正孔注入層、正孔輸送層については、特開2008−270736号公報の段落番号〔0165〕〜〔0167〕に記載の事項を本発明に適用することができる。
【0217】
正孔注入層には電子受容性ドーパントを含有することが好ましい。正孔注入層に電子受容性ドーパントを含有することにより、正孔注入性が向上し、駆動電圧が低下する、効率が向上するなどの効果がある。電子受容性ドーパントとは、ドープされる材料から電子を引き抜き、ラジカルカチオンを発生させることが可能な材料であれば有機材料、無機材料のうちいかなるものでもよいが、例えば、テトラシアノキノジメタン(TCNQ)、テトラフルオロテトラシアノキノジメタン(F4−TCNQ)、酸化モリブデンなどが挙げられる。
【0218】
正孔注入層中の電子受容性ドーパントは、正孔注入層を形成する全化合物質量に対して、0.01質量%〜50質量%含有されることが好ましく、0.1質量%〜40質量%含有されることがより好ましく、0.2質量%〜30質量%含有されることがより好ましい。
【0219】
(A−2)電子ブロック層
電子ブロック層は、陰極側から発光層に輸送された電子が、陽極側に通りぬけることを防止する機能を有する層である。本発明において、発光層と陽極側で隣接する有機層として、電子ブロック層を設けることができる。
電子ブロック層を構成する有機化合物の例としては、例えば前述の正孔輸送材料として挙げたものが適用できる。
電子ブロック層の厚さとしては、1nm〜500nmであるのが好ましく、3nm〜100nmであるのがより好ましく、5nm〜50nmであるのが更に好ましい。
電子ブロック層は、上述した材料の一種又は二種以上からなる単層構造であってもよいし、同一組成又は異種組成の複数層からなる多層構造であってもよい。
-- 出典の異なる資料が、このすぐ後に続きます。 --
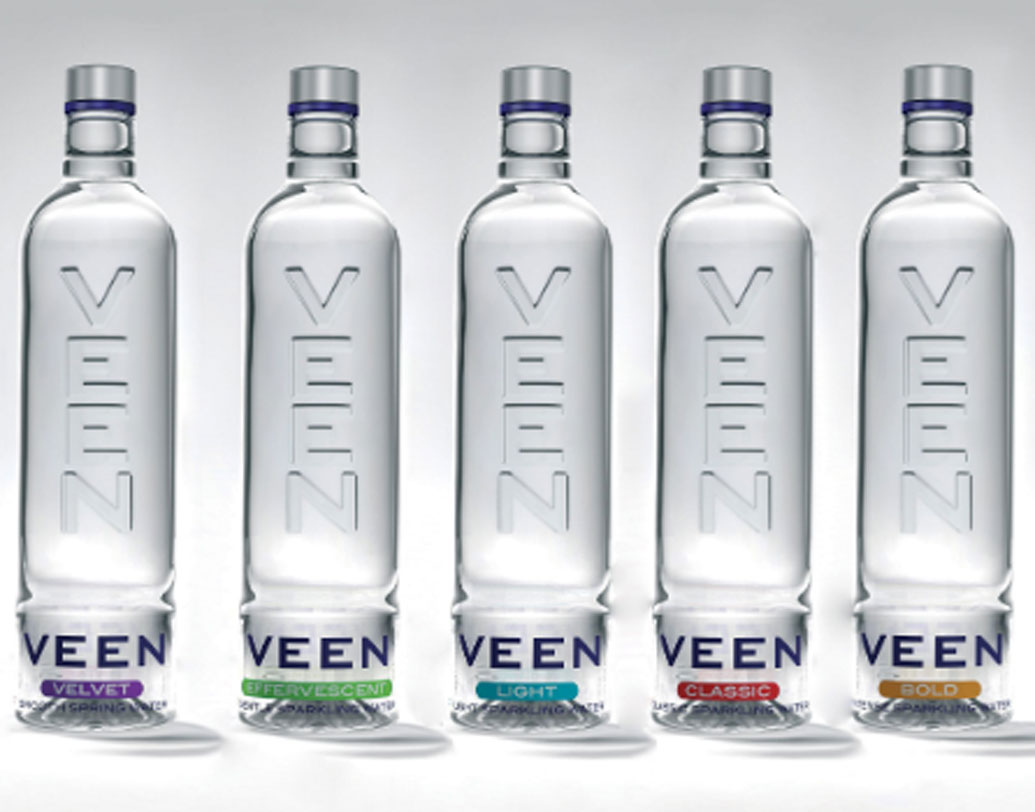 ভিন: দাবি করা হয় এটা বিশ্বের সবচেয়ে শুদ্ধ পানীয় জল। এমনও দাবি করা হয়, অন্য জলের চেয়ে এই সংস্থার জল দ্রুত তেষ্টা মেটায়। ফিনল্যান্ডের টেঙ্গেলিও গ্রামের কাছে ফিনিশ ল্যাপল্যান্ডে একটি ঝর্না থেকে এই জল সংগ্রহ করা হয়। ৭৫০ মিলিলিটার জলের দাম প্রায় ১৬০০ টাকা।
電子ブロック層に用いる材料は、前記燐光発光材料のT1エネルギーより高いことが色純度、発光効率、駆動耐久性の点で好ましい。電子ブロック層に用いる材料の膜状態でのT1が燐光発光材料のT1より0.1eV以上大きいことが好ましく、0.2eV以上大きいことがより好ましく、0.3eV以上大きいことが更に好ましい。
【0220】
(B)陰極と前記発光層との間に好ましく配置される有機層
次に、前記(B)陰極と前記発光層との間に好ましく配置される有機層について説明する。
【0221】
(B−1)電子注入層、電子輸送層
電子注入層、電子輸送層は、陰極又は陰極側から電子を受け取り陽極側に輸送する機能を有する層である。これらの層に用いる電子注入材料、電子輸送材料は低分子化合物であっても高分子化合物であってもよい。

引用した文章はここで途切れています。